ULSAN - Starting today, Hyundai Motor and Kia Motors employees will no longer work overnight shifts for the first time since the nation’s leading automaker opened its Ulsan plant in 1967.

Under the management?union agreement announced earlier, production at the plant will halt for five hours and 20 minutes starting at 1:30 a.m.

Previously, employees worked around the clock in two shifts.

The first shift was 10 hours, 50 minutes from 8 a.m. to 6:50 p.m.; the second team worked for 11 hours from 9 p.m. until 8 a.m.

Under the new shift, the first team will work from 7 a.m. until 3:40 p.m. and the second team from 3: 40 p.m. to 1:30 a.m.

Under the new work schedule, employees will receive the same compensation as they did under the round-the-clock system.

The new shifts apply to all company plants and its main affiliate Kia Motors’ production lines and affects about 50,000 employees.

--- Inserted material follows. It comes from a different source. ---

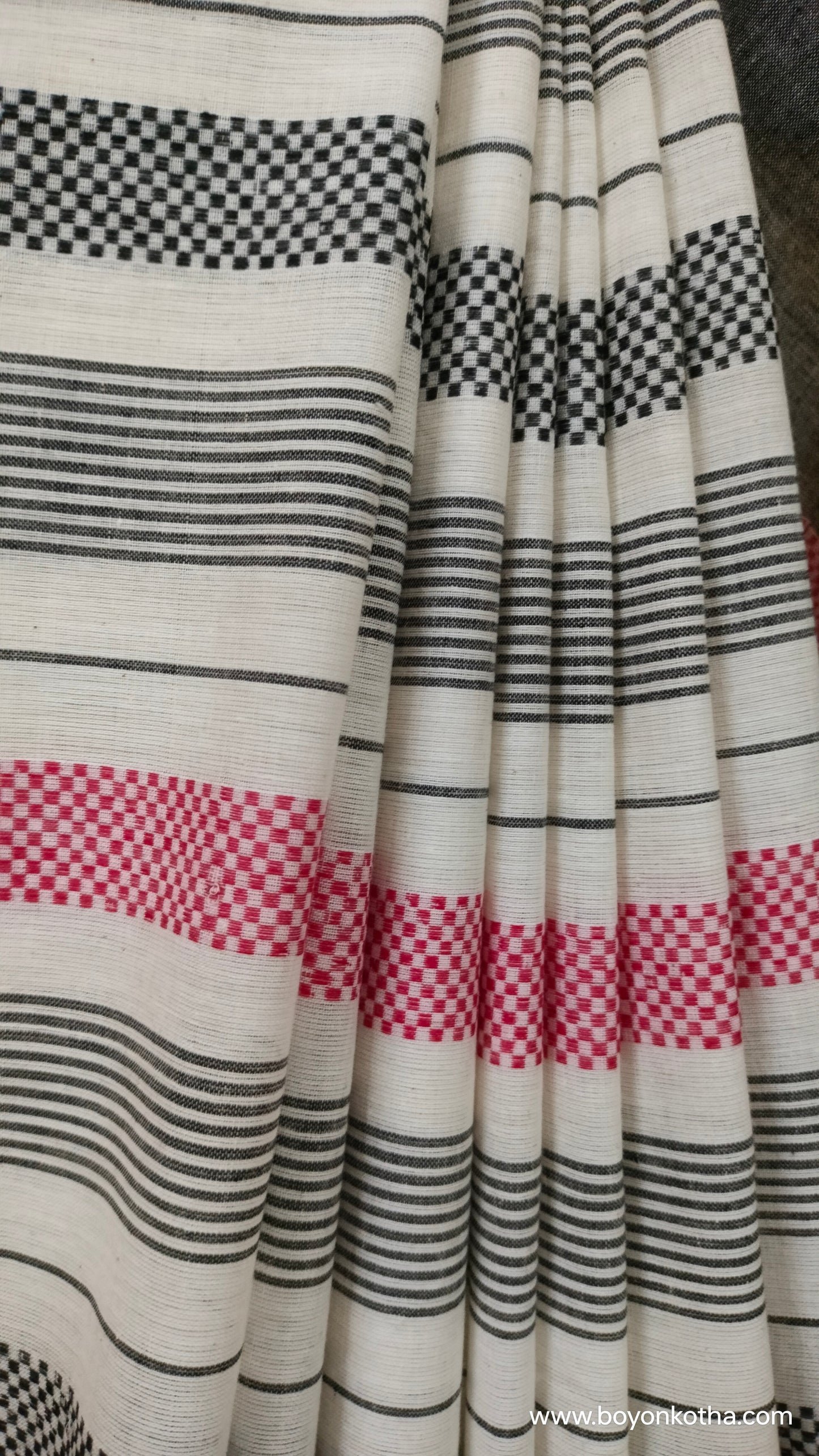 Eternal Contrast – White Dhonekhali Handloom Cotton Saree with Red and Black Woven Stripes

Management and the labor union agreed to end the graveyard shift last August, after having discussed the issue for a decade.

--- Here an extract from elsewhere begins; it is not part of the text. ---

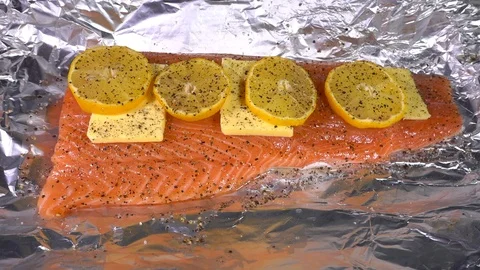 Slow motion then normal speed – Hands wrapping foil over piece of raw salmon. Video stock 105963846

The company in a statement said that in the past, the nonstop production system was inevitable due to the rapidly changing global auto market. However, the agreement was made as part of its campaign to improve the quality of its products and employees’ lives.

The automakers’ biggest concern is how to maintain production levels.

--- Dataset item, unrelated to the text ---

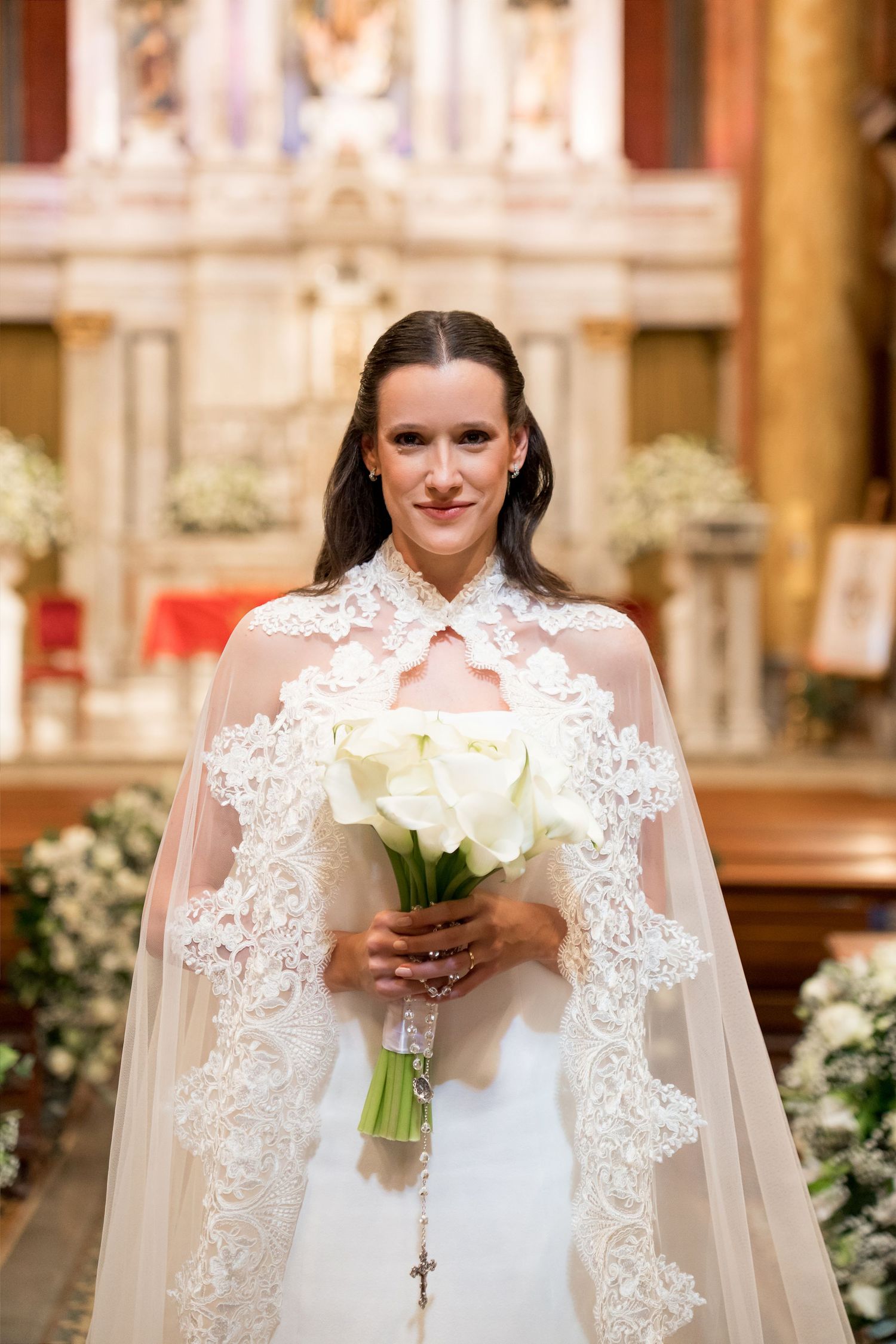 Bride in white lace cape gown holding white rose bouquet stands before church altar on wedding day.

Hyundai Motor said it will solve the problem by investing 300 billion won ($276 million) in increasing production capacity facilities while cutting down on lunch breaks. Instead of the previous one-hour lunch break, employees will get 40 minutes.

The nation’s second-leading automaker, Kia Motors, plans to increase the number of vehicles produced per hour to minimize.

Instead of the 308.3 vehicles rolling out every hour, the automaker plans to produce 338.3 vehicles.